*** Opening GIVEN RECORDS ***

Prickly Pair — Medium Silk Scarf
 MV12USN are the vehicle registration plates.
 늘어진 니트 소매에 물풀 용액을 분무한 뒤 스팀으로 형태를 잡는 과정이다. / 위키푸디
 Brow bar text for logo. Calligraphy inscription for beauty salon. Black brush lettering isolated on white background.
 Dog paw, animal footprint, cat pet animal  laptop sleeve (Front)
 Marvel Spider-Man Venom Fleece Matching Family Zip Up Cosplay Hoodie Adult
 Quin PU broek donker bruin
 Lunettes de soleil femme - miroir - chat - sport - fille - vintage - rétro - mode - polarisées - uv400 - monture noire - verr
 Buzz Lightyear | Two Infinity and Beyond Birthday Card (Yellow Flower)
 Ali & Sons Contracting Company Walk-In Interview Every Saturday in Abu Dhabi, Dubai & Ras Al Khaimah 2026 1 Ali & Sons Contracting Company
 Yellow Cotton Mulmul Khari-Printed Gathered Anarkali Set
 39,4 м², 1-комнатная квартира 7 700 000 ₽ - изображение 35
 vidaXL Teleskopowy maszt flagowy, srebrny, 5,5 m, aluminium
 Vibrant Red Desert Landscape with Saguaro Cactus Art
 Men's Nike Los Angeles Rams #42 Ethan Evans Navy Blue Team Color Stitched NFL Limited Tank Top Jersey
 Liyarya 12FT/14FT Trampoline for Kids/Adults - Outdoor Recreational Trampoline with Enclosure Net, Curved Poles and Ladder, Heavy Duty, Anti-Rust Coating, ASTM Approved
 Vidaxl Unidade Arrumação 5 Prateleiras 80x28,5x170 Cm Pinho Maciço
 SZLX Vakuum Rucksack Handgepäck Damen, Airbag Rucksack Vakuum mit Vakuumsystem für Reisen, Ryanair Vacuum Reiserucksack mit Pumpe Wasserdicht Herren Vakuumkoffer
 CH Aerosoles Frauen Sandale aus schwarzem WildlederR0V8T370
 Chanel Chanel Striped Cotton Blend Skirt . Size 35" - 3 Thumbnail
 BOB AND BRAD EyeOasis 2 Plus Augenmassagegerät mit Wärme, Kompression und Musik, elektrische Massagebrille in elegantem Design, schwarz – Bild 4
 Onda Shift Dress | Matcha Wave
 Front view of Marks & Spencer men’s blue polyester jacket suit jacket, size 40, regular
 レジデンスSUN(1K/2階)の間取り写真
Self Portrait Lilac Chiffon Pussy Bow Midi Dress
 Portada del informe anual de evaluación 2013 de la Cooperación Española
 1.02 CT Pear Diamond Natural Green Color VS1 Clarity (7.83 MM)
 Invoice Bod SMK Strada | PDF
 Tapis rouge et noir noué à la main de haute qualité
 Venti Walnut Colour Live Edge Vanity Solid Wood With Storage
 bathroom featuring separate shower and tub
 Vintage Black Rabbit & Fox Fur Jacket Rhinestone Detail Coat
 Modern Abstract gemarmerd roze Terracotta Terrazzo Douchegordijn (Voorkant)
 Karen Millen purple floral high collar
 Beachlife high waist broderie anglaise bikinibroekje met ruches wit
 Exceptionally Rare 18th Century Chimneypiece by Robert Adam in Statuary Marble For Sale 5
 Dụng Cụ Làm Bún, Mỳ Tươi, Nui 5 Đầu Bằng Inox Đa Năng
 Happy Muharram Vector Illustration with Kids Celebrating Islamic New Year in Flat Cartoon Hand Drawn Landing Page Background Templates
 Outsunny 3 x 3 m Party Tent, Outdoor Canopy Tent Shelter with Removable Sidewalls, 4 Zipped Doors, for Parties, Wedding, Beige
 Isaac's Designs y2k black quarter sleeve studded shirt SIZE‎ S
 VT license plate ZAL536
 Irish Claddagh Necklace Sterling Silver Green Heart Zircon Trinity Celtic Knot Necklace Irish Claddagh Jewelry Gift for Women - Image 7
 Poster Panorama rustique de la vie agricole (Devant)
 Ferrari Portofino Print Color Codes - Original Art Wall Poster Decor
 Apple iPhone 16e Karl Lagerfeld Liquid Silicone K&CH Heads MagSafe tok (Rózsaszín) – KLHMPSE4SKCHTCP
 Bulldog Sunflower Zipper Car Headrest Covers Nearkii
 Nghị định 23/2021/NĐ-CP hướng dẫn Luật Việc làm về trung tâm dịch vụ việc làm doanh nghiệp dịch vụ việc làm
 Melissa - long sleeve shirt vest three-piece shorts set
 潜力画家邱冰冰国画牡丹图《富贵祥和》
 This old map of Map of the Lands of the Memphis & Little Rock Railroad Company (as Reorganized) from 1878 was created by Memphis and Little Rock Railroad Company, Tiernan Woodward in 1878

*** Closing GIVEN RECORDS ***

TASK STATEMENT – Look above for the line holding "Front view of" and the line holding "bathroom featuring separate shower and tub", then output exactly those two lines and every line between them, nothing more.

WRITTEN SOLUTION –
 Front view of Marks & Spencer men’s blue polyester jacket suit jacket, size 40, regular
 レジデンスSUN(1K/2階)の間取り写真
Self Portrait Lilac Chiffon Pussy Bow Midi Dress
 Portada del informe anual de evaluación 2013 de la Cooperación Española
 1.02 CT Pear Diamond Natural Green Color VS1 Clarity (7.83 MM)
 Invoice Bod SMK Strada | PDF
 Tapis rouge et noir noué à la main de haute qualité
 Venti Walnut Colour Live Edge Vanity Solid Wood With Storage
 bathroom featuring separate shower and tub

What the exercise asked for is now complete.